Item 2(e). CUSIP Number: 910197102

Item 3
Or (c), Check Whether the Person Filing is a :
(a) Broker or dealer registered under Section 15 of the Exchange Act;
(b) Bank as defined in Section 3(a)(6) of the Exchange Act;
(c) Insurance company as defined in Section 3(a)(19) of the
Exchange Act;
(d) Investment company registered under Section 8 of the Investment
Company Act;
(e) X An investment adviser in accordance with Rule 13d-1(b)(1)(ii)(E);
(f) An employee benefit plan or endowment fund in accordance with
Rule 13d-1(b)(1)(ii)(F);
(g) A parent holding company or control person in accordance with
Rule 13d-1(b)(1)(ii)(G);
(h) A savings association as defined in Section 3(b) of the Federal
Deposit Insurance Act;
(i) A church plan that is excluded from the definition of an
Investment company under Section 3(c)(14) of the Investment
Company act;
(j) Group, in accordance with Rule 13d-1(b)(1)(ii)(J).

If this statement is filed pursuant to Rule 13d-1(b), check this box. X

Page 2 of 3 pages

ITEM 4. Ownership

Provide the following information regarding the aggregate number and
Percentage of the class of securities of issuer identified in Item 1.
(a) Amount beneficially owned: 9,414,843
Including 0 shares where there is a Right to Acquire.
(b) Percent of class: 6.9 %
(c) Number of shares as to which such person has:
(i) Sole power to vote or to direct the vote: 9,414,843
(ii) Shared power to vote or to direct the vote: 0
(iii) Sole power to dispose or to direct the disposition of: 9,414,843
(iv) Shared power to dispose or to direct the disposition of: 0

ITEM 5. Ownership of Five Percent or Less of a Class. NOT APPLICABLE

If this statement is being filed to report the fact that as of the date
hereof the reporting person has ceased to be the beneficial owner of more
than five percent of the class of securities, check the following. ( )

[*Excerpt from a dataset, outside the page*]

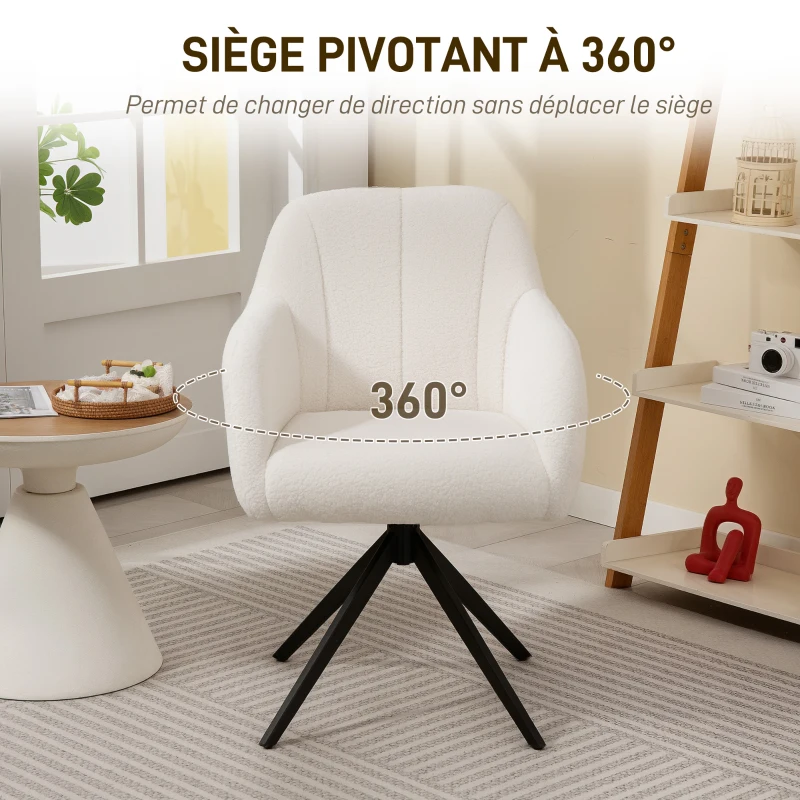 HOMCOM Fauteuil de salon pivotant capitonné grand confort piètement en acier et tissu effet polaire teddy blanc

ITEM 6. Ownership of More than Five Percent on Behalf of Another Person.

Security Capital Research & Management Inc. is the beneficial owner of 9,414,843 shares of the
issuer's common stock on behalf of other persons known to have one or more of
the following:
the right to receive dividends for such securities;
the power to direct the receipt of dividends from such securities;
the right to receive the proceeds from the sale of such securities;
the right to direct the receipt of proceeds from the sale of such securities;
No such person is known to have an interest in more than 5% of the class of
securities reported herein unless such person is identified below.
9,405,393 of the 9,414,843 Shares Beneficially owned by SCR&M, representing 6.9% of the class of securities, are owned by Security Capital Preferred Growth Incorporated.
Item 7.
Security being reported on by the Parent Holding Company.
Not Applicable
Item 8.
Not Applicable
Item 9.
Not Applicable

ITEM 10. Certifications

By signing below I certify that, to the best of my knowledge and belief,
the securities referred to above were not acquired and are not held for the
purpose of or with the effect of changing or influencing the control of the
issuer of the securities and were not acquired and are not held in connection
with or as a participant in any transaction having that purpose or effect.

Page 3 of 3 pages

SIGNATURE
After reasonable inquiry and to the best of my knowledge and belief, I certify that the
information set forth in this statement is true, complete and correct.
Dated: FEBRUARY 15,2005
By: /s/ Genine M. Dawczak
--------------------------------------
Genine M. Dawczak
Assistant Controller
The original statement shall be signed by each person on whose behalf the statement
is filed or his authorized representative. If the statement is signed on behalf of
a person by his authorized representative (other than an executive officer or general
partner of the filing person), evidence of the representative's authority to sign on
behalf of such person shall be filed with the statement, provided, however, that a
power of attorney for this purpose which is already on file with the commission may
be incorporated by reference. The name and any title of each person who signs the
the statement shall be typed or printed beneath his signature.